Ich gehe anders ran. Ich sage, es gibt bestimmte Grundrechte. Die technischen Möglichkeiten haben sich seit dem 19. Jahrhundert geändert, wir haben nicht mehr nur die Briefpost, wir haben Telefon und Internet. Wenn der Bürger ein Recht auf seine Privatsphäre hat, also das Recht zu kommunizieren, ohne dass Unbefugte das mitschneiden, dann muss das für alle Kommunikationsmittel gelten. Dann muss man zunächst einmal die Rechte des Bürgers auch in Bezug auf die neuesten Kommunikationsmittel definieren. Dann gilt wie auf anderen Gebieten auch, die Unschuldsvermutung.
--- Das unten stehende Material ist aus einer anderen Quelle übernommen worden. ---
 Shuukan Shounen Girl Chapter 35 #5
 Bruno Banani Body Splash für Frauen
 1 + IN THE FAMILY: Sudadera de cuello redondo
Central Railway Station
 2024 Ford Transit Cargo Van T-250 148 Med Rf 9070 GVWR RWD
Wenn man aber vom Standpunkt ausgeht: jeder ist verdächtig, ist das ein Verfahren, das wir aus Diktaturen kennen. Dann bekommen wir wieder eine Stasi, der die Hälfte der Bevölkerung zuarbeitet. Wen man das will, soll man es sagen, dann gibt es aber auch keinen Rechtsstaat mehr. Bei den jetzigen Vorschlägen aus dem Haus Schäuble fehlt einfach, dass zunächst einmal die positiven Rechte des Bürgers definiert werden.
Erst dann kann man sagen: Der Staat muss auch Schutzfunktionen ausüben, es gibt Einschränkungen, es kann nicht jeder wüten wie er mag. Dann kann man auch definieren, an welchen Punkten der Staat gegen diese Grundrechte — die zunächst einmal absolut sind — zum Zweck des Schutzes der Gemeinschaft verstoßen darf. Das ist aber ein ganz anderes Herangehen als zu sagen: Der Staat muss technisch genauso fit sein wie ein krimineller Computerhacker. Hier geht man gerade nicht von den Rechten des Bürgers aus, sondern stellt sie einfach zur Disposition. Dafür wird Hysterie geschürt — früher die RAF-Hysterie, heute die Islamisten-Hysterie.
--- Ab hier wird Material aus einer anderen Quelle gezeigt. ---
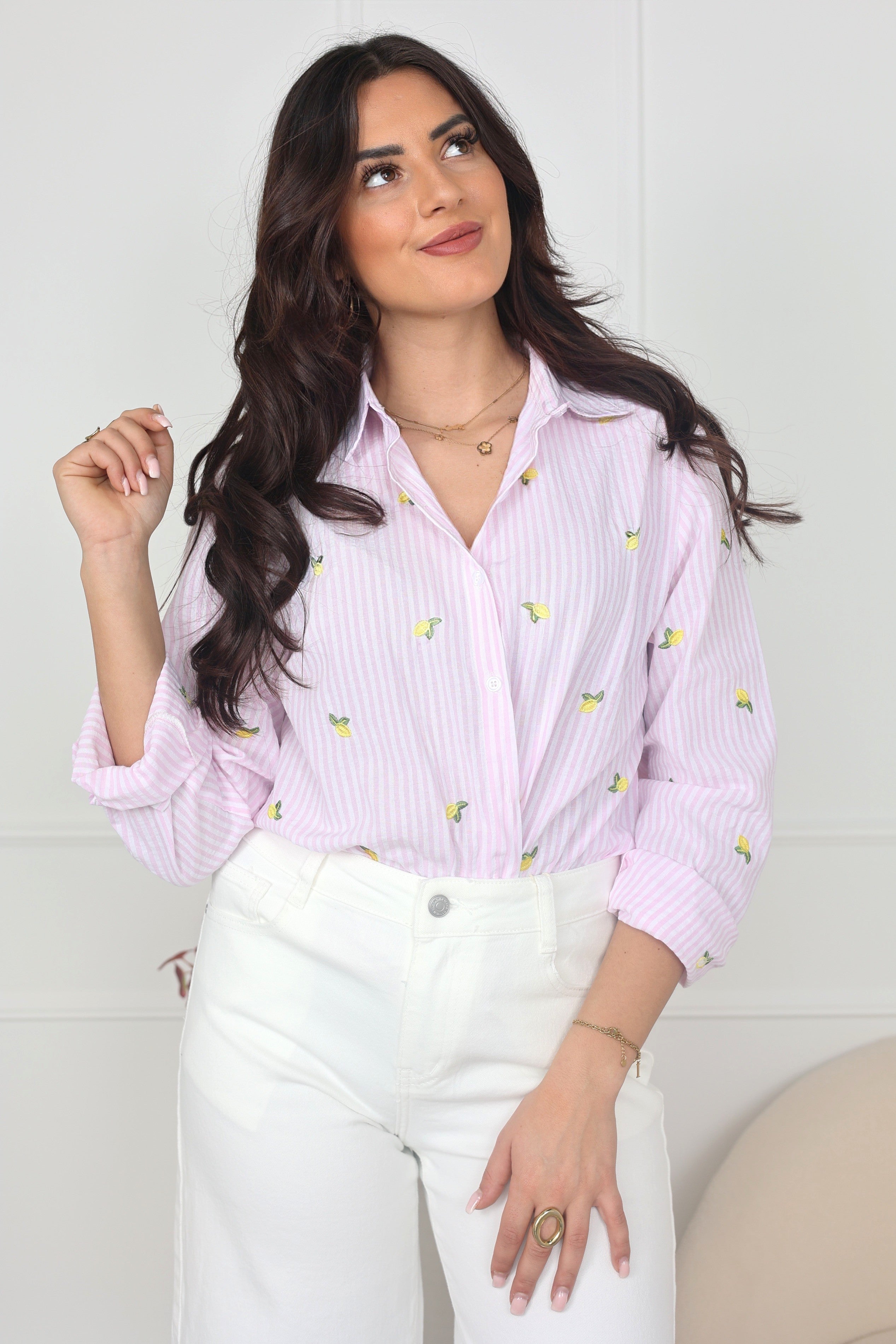 CHEMISE ANNA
Man sollte sich in der Debatte nicht auf diese Ebene ziehen lassen, sondern auf der Definition der Rechte des Bürgers bestehen. Dazu gehört auch, dass große Softwarekonzerne daran gehindert werden, z.B. illegal einen Kopierschutz oder Software zum Ausspionieren des Kaufverhaltens auf privaten Computern zu installieren.
Die großen Möglichkeiten, die die moderne elektronische Kommunikation bietet, können kein Grund sein, deshalb die Grundrechte auszuhebeln und zu sagen: Der Bürger muss alles offenlegen.

Kann man das überhaupt kontrollieren, dass es bei den Ausnahmen bleibt? Immerhin wissen wir aus der Telefonüberwachung, dass ein entsprechender Antrag der Staatsanwaltschaft von Richtern — vielleicht wegen Arbeitsüberlastung — meistens durchgewunken wird.

Sicher, alles was technisch machbar ist, wird auch gemacht. Auf dieser Ebene kann man weder eine schöpferische, noch eine kriminelle Fantasie verbieten. Auf dieser Ebene lässt sich das Problem auch nicht lösen. Man muss von den individuellen Grundrechten und vom Recht des Bürgers auf seine Privatsphäre ausgehen. Um die Einschränkungen muss man dann ringen, da kann man auch hohe Anforderungen formulieren. Die Genehmigung durch einen Richter ist natürlich ein Schutz insofern, als eine massenhafte, flächendeckende Spionagepraxis damit unmöglich wird — allein schon aus Personalgründen. Wenn das Instrument unzureichend angewendet wird, muss man das verbessern.